Start at the first line below and write out everything verbatim except the pictures.
[DATA EXTRACT — start]
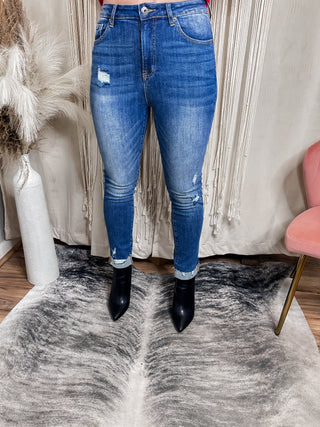 High rise vintage washed skinny jeans - Jayden Layne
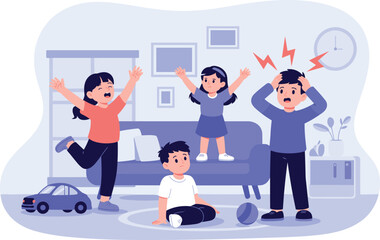 Chaotic family living room, parenting stress, playful children, cartoon illustration, emotional expression, home interior, sibling energy, humorous scene, domestic life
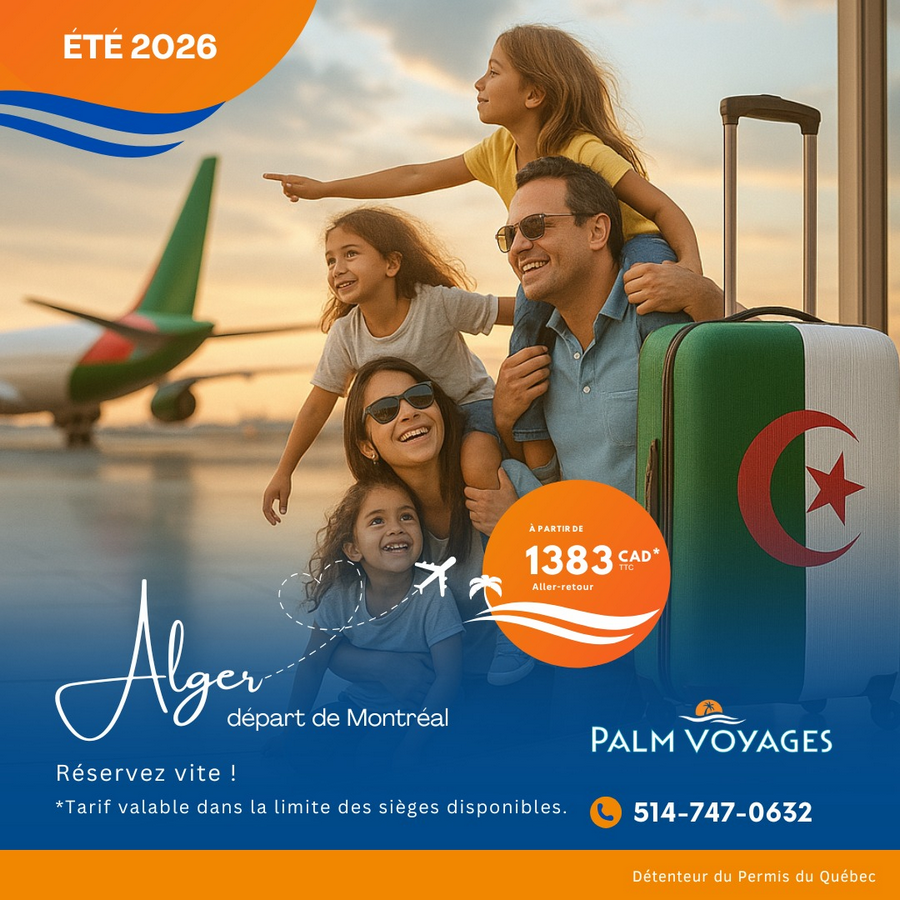 billet avion montreal alger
[DATA EXTRACT — finish]
### COMPLETED EXERCISE
 High rise vintage washed skinny jeans - Jayden Layne
 Chaotic family living room, parenting stress, playful children, cartoon illustration, emotional expression, home interior, sibling energy, humorous scene, domestic life
 billet avion montreal alger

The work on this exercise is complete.